◆ Prompt
Images in the data are to be skipped, while every line is restated exactly as written.

◆ Data provided
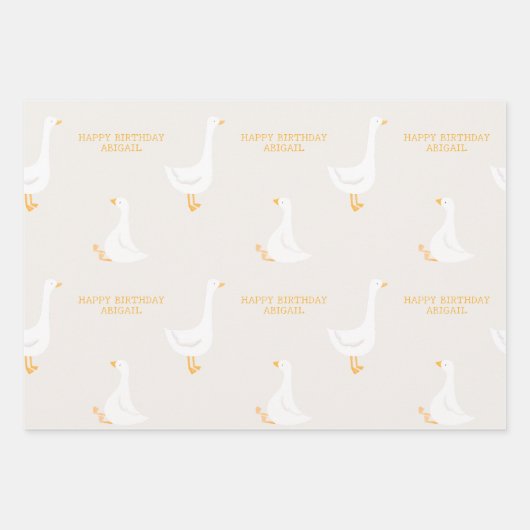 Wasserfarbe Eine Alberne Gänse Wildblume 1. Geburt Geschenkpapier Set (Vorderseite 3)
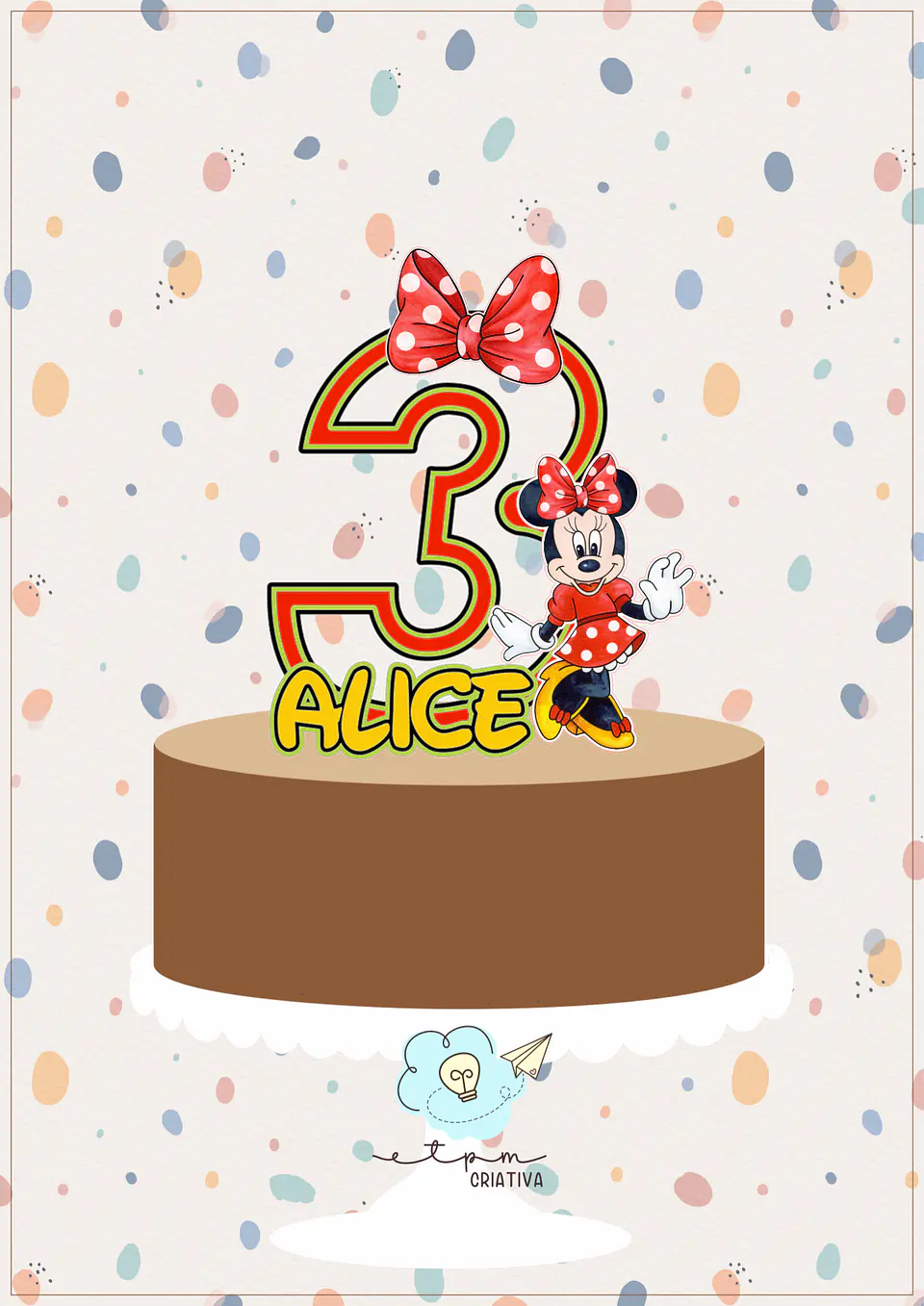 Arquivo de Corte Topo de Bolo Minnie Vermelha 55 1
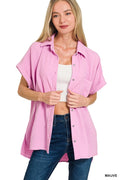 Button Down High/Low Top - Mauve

◆ Solution for this exercise
 Wasserfarbe Eine Alberne Gänse Wildblume 1. Geburt Geschenkpapier Set (Vorderseite 3)
 Arquivo de Corte Topo de Bolo Minnie Vermelha 55 1
 Button Down High/Low Top - Mauve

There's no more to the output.